Информированные о ходе следствия кабинетминистры в середине октября приказали Лаврову устроить Самсонову и Копылову очную ставку. В случае, если Копылов, противореча Самсонову, будет запираться, капитану предписывалось допрашивать его «с пристрастием», но, особо оговорено, не пытать. Для Лаврова большой разницы между «пристрастием» и «пыткой» не существовало.

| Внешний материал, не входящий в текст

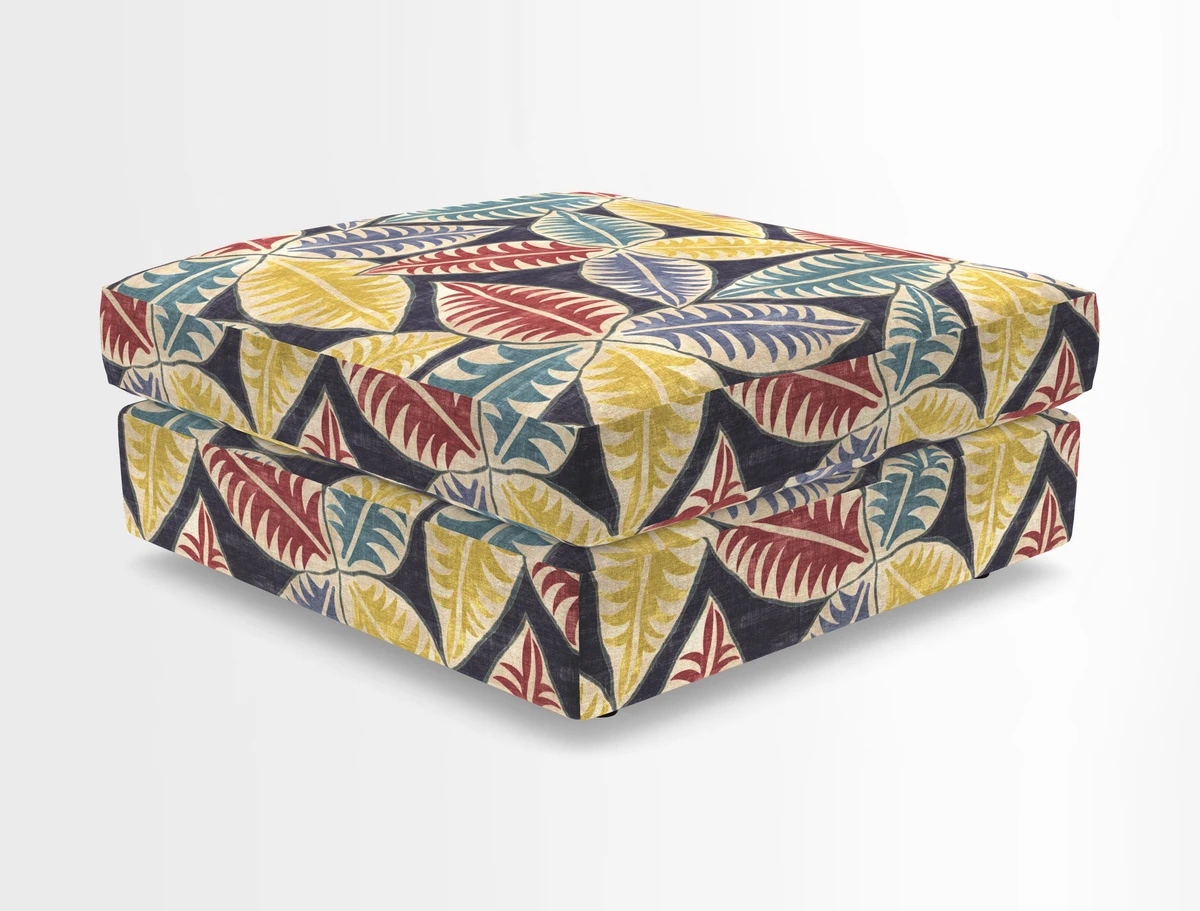 Slingsby fixed cover Footstool in Two Tone Plain Biscuit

Содержавшийся «под крепким караулом» Копылов был не только скован, но «и в застенке подымай неоднократно, отчего у него рука повреждена». Взявшийся хлопотать за него Никита Демидов утверждал, что тот «лежит болен», и, судя по тому, что мы знаем об обхождении с подследственными, так оно скорее всего и было. Спасая двоюродного брата, Демидов сумел достучаться до Кабинета министров, прося освободить узника из-под караула на поруки и обещая, что «ежели до него что касаться будет, о том он ответствовать будет на свободе». Господа министры 19 декабря такой указ Лаврову отправили. Обращает на себя внимание фраза: «А за что оный подымай в застенке, о том вам в Кабинет репортовать». Указ взял лично Никита Демидов, отправившийся с ним в Тулу[528].